### What you need to do:
Would you set down the data that follows, word for word, without any pictures?

### Data to use:
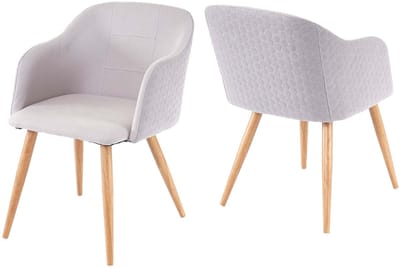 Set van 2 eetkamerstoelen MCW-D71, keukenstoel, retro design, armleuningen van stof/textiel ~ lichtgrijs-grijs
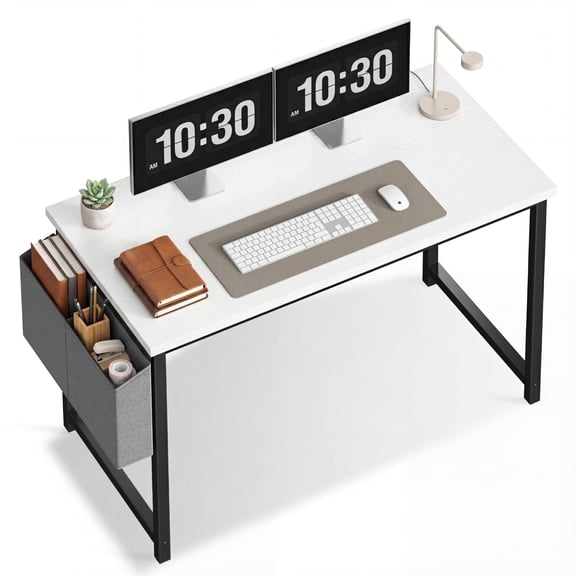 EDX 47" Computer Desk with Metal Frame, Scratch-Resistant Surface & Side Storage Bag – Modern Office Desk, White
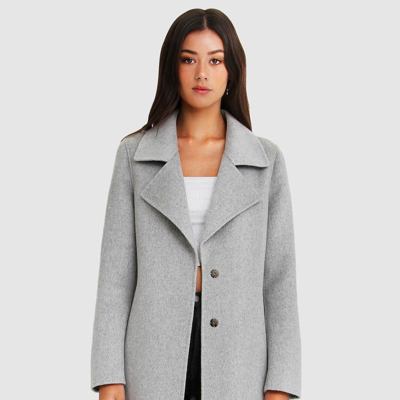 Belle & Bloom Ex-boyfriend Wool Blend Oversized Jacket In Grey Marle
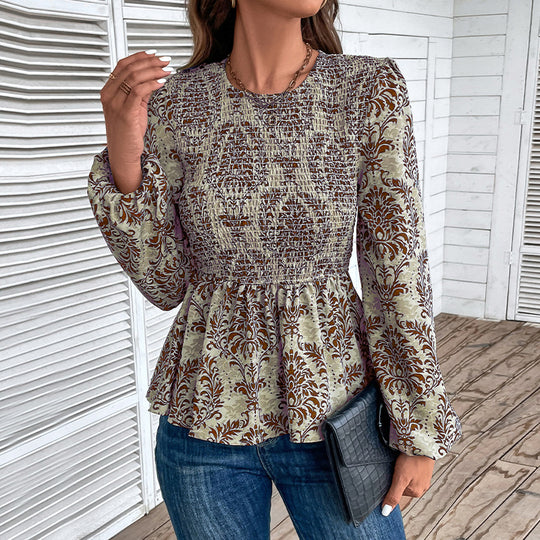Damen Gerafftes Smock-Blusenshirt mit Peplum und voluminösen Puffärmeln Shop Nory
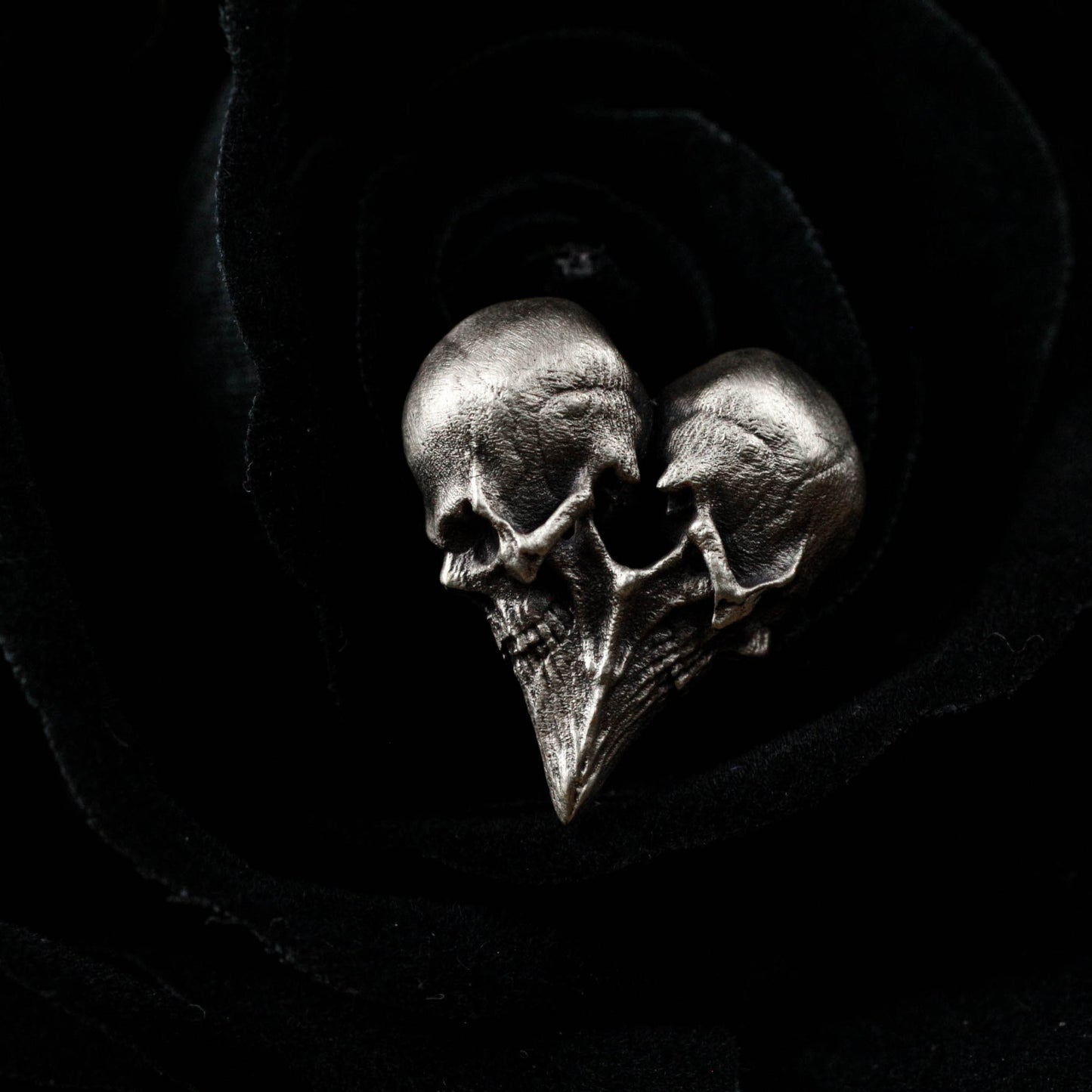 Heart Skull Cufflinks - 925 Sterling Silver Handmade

### Written response:
 Set van 2 eetkamerstoelen MCW-D71, keukenstoel, retro design, armleuningen van stof/textiel ~ lichtgrijs-grijs
 EDX 47" Computer Desk with Metal Frame, Scratch-Resistant Surface & Side Storage Bag – Modern Office Desk, White
 Belle & Bloom Ex-boyfriend Wool Blend Oversized Jacket In Grey Marle
Damen Gerafftes Smock-Blusenshirt mit Peplum und voluminösen Puffärmeln Shop Nory
 Heart Skull Cufflinks - 925 Sterling Silver Handmade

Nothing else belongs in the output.